This is logic that cannot be argued with.

However I would add that there ARE numerous groups that are actively working to prevent or diminish the privacy breaches that are so rampant these days, and they do have their successes from time to time. Baby steps. But the governments are making strides in the other direction as well...

Either way it is a hot topic and Snowden is just the tip of the iceberg too.

You should come take a look over here in the Netherlands. Last year, our government adopted a system that connects the data from all government branches that deal with the data of the Dutch people to spy for possible breaches of legislation. For example, do you pay tax, and is that tax sufficient for your income, and is that income realistic for what you are actually doing, and is that car you drive even possible with the income you earn.
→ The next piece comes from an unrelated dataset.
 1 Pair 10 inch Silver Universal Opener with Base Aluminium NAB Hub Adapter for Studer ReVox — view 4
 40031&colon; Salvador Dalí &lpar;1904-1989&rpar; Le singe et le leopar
And us Dutch, what did we do? We didn't even fucking notice. People here walk around with their eyes closed and their hands on their ears. It's a level of ignorance I am extremely concerned about. We haven't learned shit from the second World War, where suddenly whole groups of people were forced to wear this little star so they could be deported elsewhere.

Looking forward to a great future of indoctrination and manipulation, but then again, it's never really been much different, just the toolset is getting more and more refined.


----------



## TheMailMan78 (Aug 11, 2015)

Vayra86 said:


> This is logic that cannot be argued with.
> 
> However I would add that there ARE numerous groups that are actively working to prevent or diminish the privacy breaches that are so rampant these days, and they do have their successes from time to time. Baby steps. But the governments are making strides in the other direction as well...
> 
> ...


I agree with both of you guys.......with that being said I think we have not only proven this whole MS thing to be small potato's but completely derailed this thread into oblivion! lol

I'm moving on gentlemen! Good debate/conversation.


----------



## Vayra86 (Aug 11, 2015)

It is always good to derail tinfoil threads to avoid total disaster and armageddon.


----------



## R-T-B (Aug 11, 2015)

TheMailMan78 said:


> I fully agree. My point is its more of a culture shock here in the states. A lot of illusion has been shattered since 9-11. Americans are not used to an NSA spying on its own citizens. Not that it wasn't happening before. It just wasn't as in the open as it is now. Personally I think its great. I have been enjoying the show. I knew since I was a small boy people in large groups (Government, Schools, Employers) become idiots. I think its a riot people actually believe that they are important enough to spy on and JUST NOW they figured out the "man" is watching them since Snowden.
> 
> Its a real shock to people here in the states man. Britain has a history of being more in acceptance of these kind of acts. Of course given that nations history it really is to be expected. Your an island nation. A government on an island has to keep a tight ship.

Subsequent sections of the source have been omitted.